I had a different homily prepared originally, but I spent almost five hours hearing confessions at various places across the diocese yesterday. In the midst of that, I found myself thinking about all of you—thinking about what these past three weeks have been like—and something struck me during that time.
One of the things I have noticed, fairly consistently, is that most of us here, if not all of us, are wounded. As a community, it seems we have all had experiences that have hurt us in some way, and we have held on to those hurts.
It is important that you know: I can not fix most of your problems. And the few that I could fix are usually the trivial things you could have solved yourself, if you had thought about it a little longer. And I can not heal you. I definitely cannot heal you. But we do know the one person who can. He is the one we are gathered here for—our Lord Jesus Christ, the one who rose from the dead and conquered even death itself.
He can bring you healing. He can solve every problem. He has defeated death. There is nothing he cannot achieve. And in fact, today we celebrate precisely that: the boundless power and love of God. Today is Divine Mercy Sunday, the day we remember that God’s mercy for us is infinite—that there is no barrier he cannot overcome, no wound he cannot heal, no relationship he cannot reconcile.
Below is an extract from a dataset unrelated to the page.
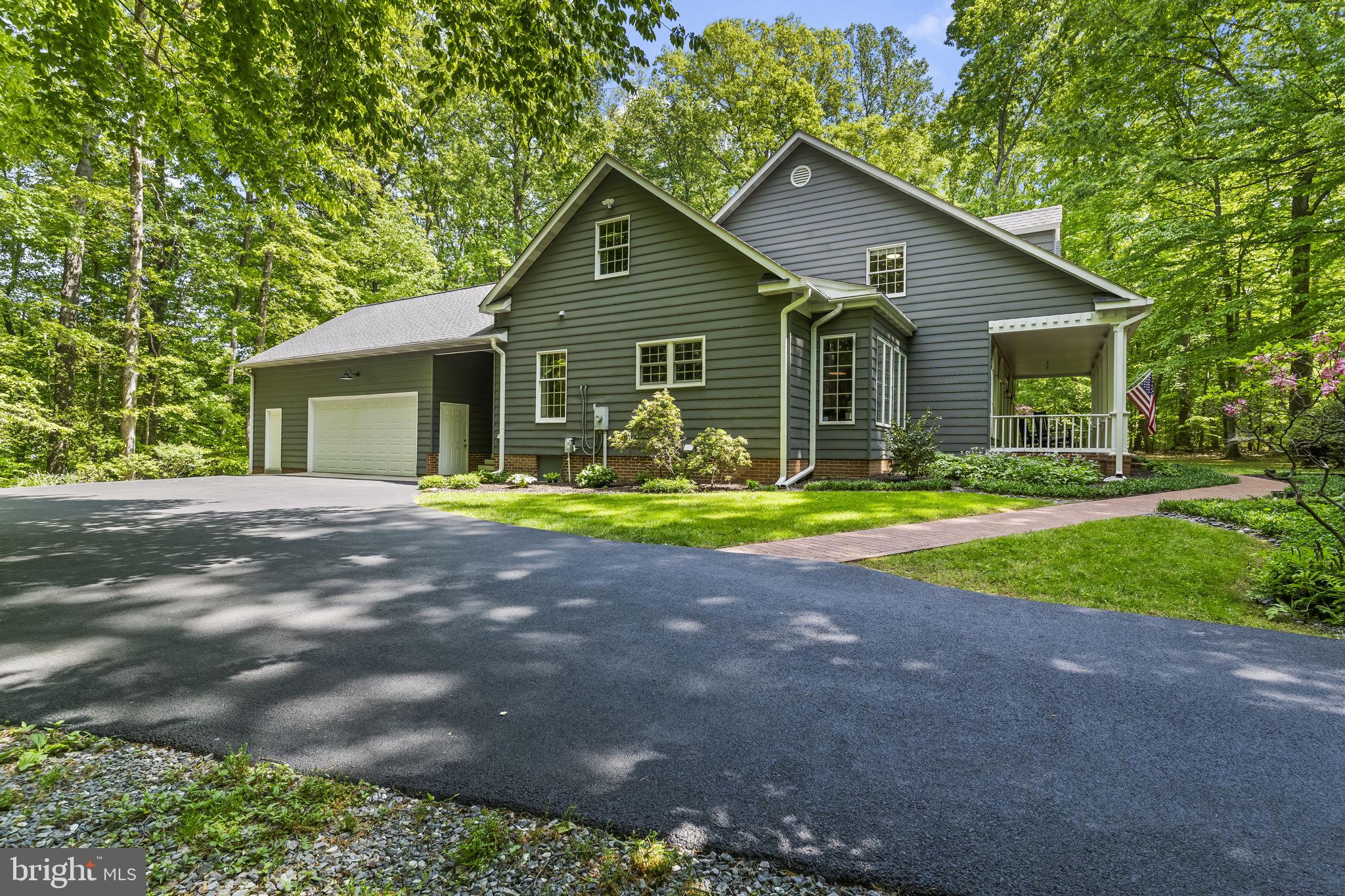 4111 Buck Board Lane Dunkirk, MD 20754 - Photo 10 of 74 a view of a house with backyard and yard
But we must open ourselves to receive the grace and mercy he offers. I think sometimes we imagine that healing from God looks like saying a quick prayer, and then he snaps his fingers and we are instantly healed. But it so rarely looks like that. Healing is usually a long process, one we must choose to enter. We have to desire to be healed.
Today is the day to make that choice. Today is the day to lay before Christ all our challenges, all the wounds we have carried from our past. Today, we should lay them at his feet and ask him to enter into our lives and begin that process of healing—to help us let go of the past, to help us forgive those we need to forgive, and to help us look forward and keep walking along the path he has set before us.
It is imperative that we begin today because there is so much work to do. Just as the apostles were sent out into the world to proclaim the good news, so too are we. And there are many people around us who need to hear it. There are many in this area who have never truly heard who Jesus Christ is. They walk through life without hope, weighed down by fear and despair, because they do not know him.
It is our mission to spread the good news, to let them know that salvation and eternal life are real, that evil and sin do not have the final word, but Christ does. Eternal life is a real and living hope. But we cannot offer that hope if we are still trapped in our wounds. We must first find healing. We must find wholeness in our souls.
So today, let us open our hearts completely to Christ. Let us hand over everything to him, and allow him to begin the work of healing within us. Then, renewed and strengthened, we can return to the mission he has given us: to draw all people into this place, into God’s kingdom, and offer them the gift of eternal life, eternal happiness, and eternal peace in the presence of God.